No, that doesn't follow. You are driving a non-commutative relationship
backwards. Just because a well formed XML document can be used as an
external parsed entity (and can be labelled as text/xml or
application/xml), it does not follow that a non-well-formed thing can
also be so labelled. It should be labelled something else, like
application/xml-epe or whatever.
True. The fact that some XML documents are also external parsed entities
only implies that we cannot always use application/xml-epe for external
parsed entities.
Yes, agreed.
We have two choices. One is to use text/xml or application/xml even for
external parsed entities. The other is to use application/xml-epe
only for those external parsed entities which are not XML documents. I think
that the latter is a complicated rule.
The former also has complications, sinc eit means that application/xml
is "sometimes but nnot allways, well-formed xml". Since the terms valid
xml and well-formed xml are defined, but there is no defined term for
"stuf that is not wellformed", this is a problem. I think that this is
significant complication.
Wheras for the latter option, it is simple. Is the epe itself a
well-formed document (this is easy to check mechanically). if yes, label
it as applicatio/xml. If no,label it as application/xml-epe (or whatever
term is chosen). This seems a simple, readily understod, and
machine-processable rule.
However, since few external parsed
entities are also XML documents, one could argue that the latter is more
realistic.
"few" is not sufficient for a algorithm.
However, I have assumed that this issue is not very important since
we should anyway avoid external parsed entities at all in the Internet.

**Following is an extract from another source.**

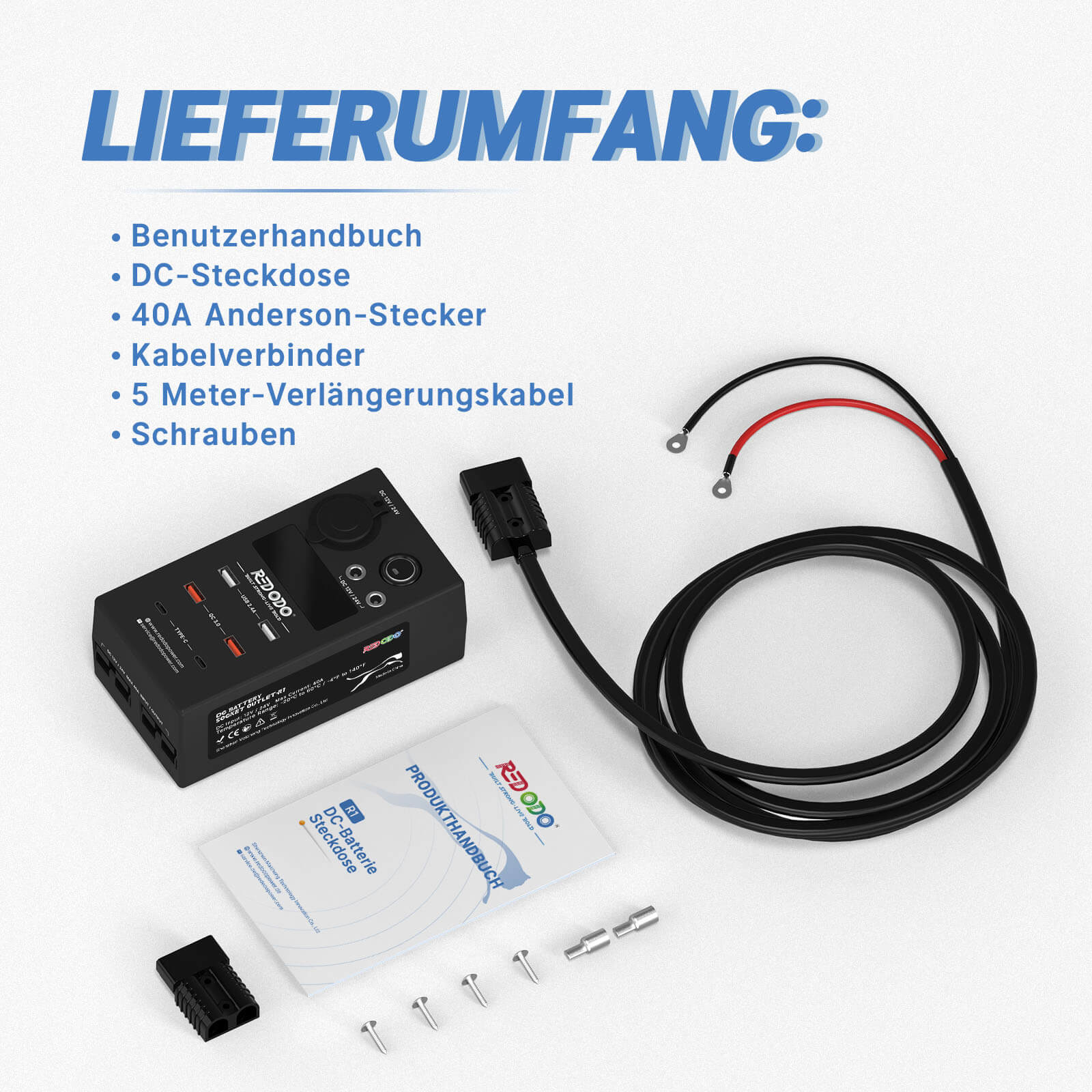 Redodo 9-In-1 12V24V DC Batterie-Steckdose mit QC 3,0 Schnellladeanschlüssen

(Out of curioisity - why? In the context of HTTp/1.1 keep alive - its
not very expensive to fetch an epe once. If the epe is shared between
two or more documents, ther eis a net win even with HTTP/1.0)
If external parsed entities are used, different parses emit different
results. (See "5. Conformance" of the XML recommendation
http://www.w3.org/TR/REC-xml#sec-conformance)

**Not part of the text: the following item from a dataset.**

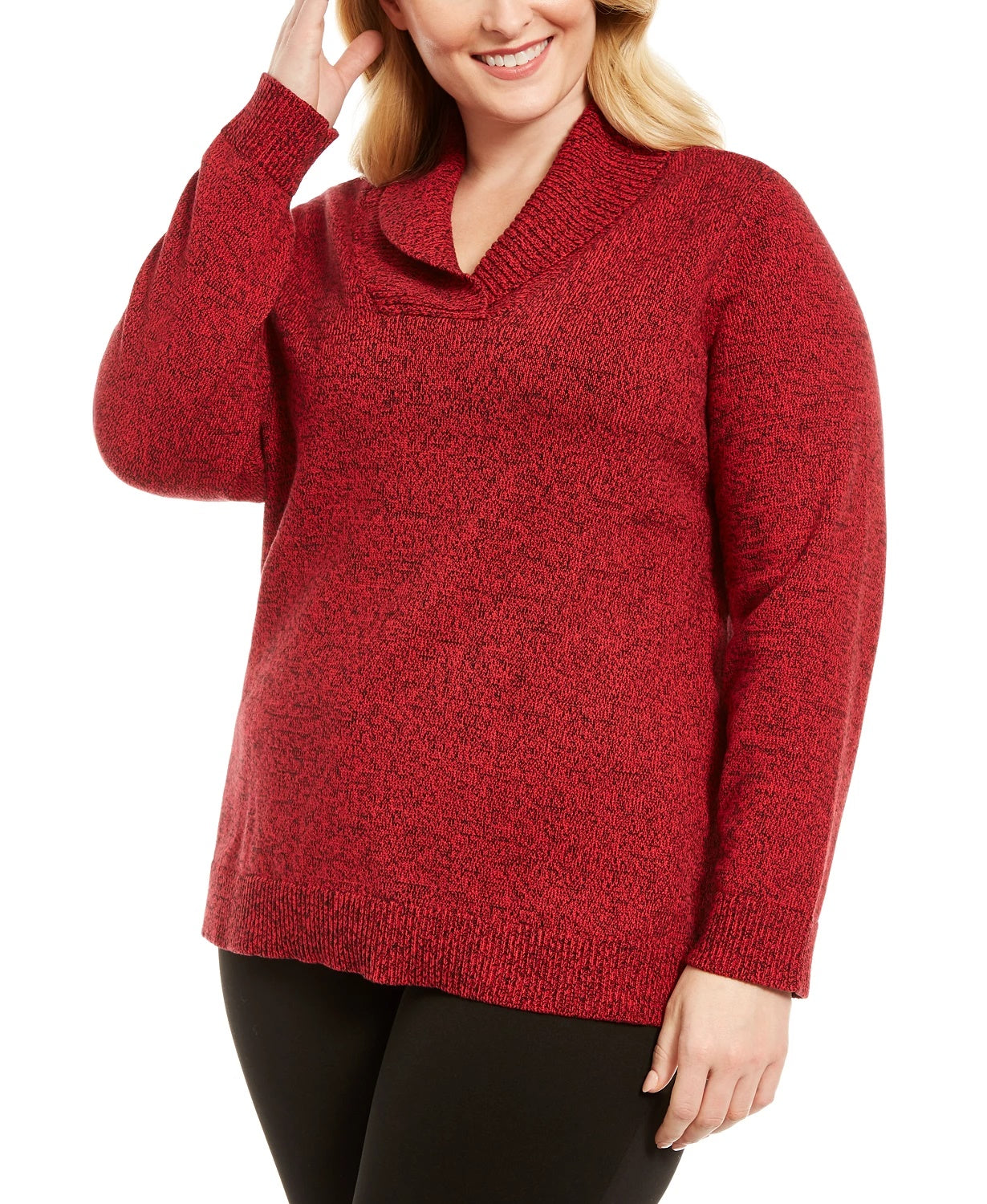 Karen Scott Women's Plus Size Marled Cotton Shawl-Collar Sweater Bright Red Size 3X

For maximum reliability in interoperating between different XML processors,
applications which use non-validating processors should not rely on any
behaviors not required of such processors.
Well, there is a move to define a category of "full infoset" parsers -
non validating, but which fetch epe's and external DTD subsets - which
deals with this problem.
Regardless, it is legal now to use epes, and thus, a rule needs tobe
established for labellingthem; and the rule needs to cover all legal
cases, not just some frequently occurring ones.